SB464 and AB582 are an attempt to legislatively override local zoning and put the groundwater and thousands of acres of land in a single township at risk

SARATOGA, Wis. [January 4, 2016] – A pristine aquifer and thousands of acres of pine forest in one rural Wisconsin township are at risk if a proposal before Senate and Assembly committees makes its way through the legislative process, confirmed Attorney Paul Kent representing the Town of Saratoga in Wood County. A public hearing on SB464 is slated for 11a.m. on Tuesday, Jan. 5 in Senate Hearing Room 412E while AB582 comes before the Assembly Committee on Housing and Real Estate on Thursday, Jan. 7.

These bills include a provision that would retroactively apply an expanded concept of vested rights and in so doing limit a local government’s ability to protect the property rights and health of its residents, Kent said.

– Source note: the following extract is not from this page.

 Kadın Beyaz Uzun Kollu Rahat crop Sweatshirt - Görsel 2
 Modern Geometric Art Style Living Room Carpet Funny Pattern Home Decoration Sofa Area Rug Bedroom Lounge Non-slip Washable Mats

The Wysocki Family of Companies has proposed siting a 5300-cow dairy facility in the Town of Saratoga. Known as Golden Sands Dairy, it would encompass almost 6000 acres in the Town, some 4660 of which is managed pine forest that would be clear-cut for vegetable production. “If the proposed vested rights language passes, the original Wysocki building permit for six buildings on 98 acres could apply to thousands of additional acres in the Town,” Kent said.

“These bills are being supported by the Wysocki Family of Companies to further its attempt to override the Town’s zoning ordinance and a pending Court of Appeals decision on the scope of that zoning ordinance,” Kent said.  “Wysockis would like to sweep local zoning aside so that the only remaining review of the operation would be by the Department of Natural Resources.”

“The Town’s zoning was designed to protect the area’s fragile aquifer and sandy soils and was initiated in its 2007 comprehensive plan long before Golden Sands Dairy was proposed.  The problem for the Town, Kent explained, is that this area, as designated by the U.S. Geological Survey, is highly susceptible to groundwater contamination, and more than 5000 residents depend on the quality of that groundwater. The zoning was intended to protect public health and the property rights of those residents,” he explained.

The Wysocki proposal includes application of 55 million gallons of liquid manure and 25,000 tons of solid manure annually on the 4660 acres for vegetable production. “Manure application to that extent on those 4660 acres will compromise the soil and the groundwater in short order,” Kent said, “and threaten more than 500 residential wells in close proximity to those fields.”

These concerns are not hypothetical.  In recent months, monitoring wells at Wysocki’s Central Sands Dairy, which is sited on similar soil and located just across the Wisconsin river from Saratoga, have demonstrated nitrate levels as high as 77 parts per million (ppm), or nearly eight times the drinking water standard of 10 ppm, Kent said.

While this change would directly impact the Town of Saratoga, passage of the vested rights language in AB582/SB464 could also severely limit the ability of towns and other local governments to regulate frac sand mining and other land uses throughout the state, he said.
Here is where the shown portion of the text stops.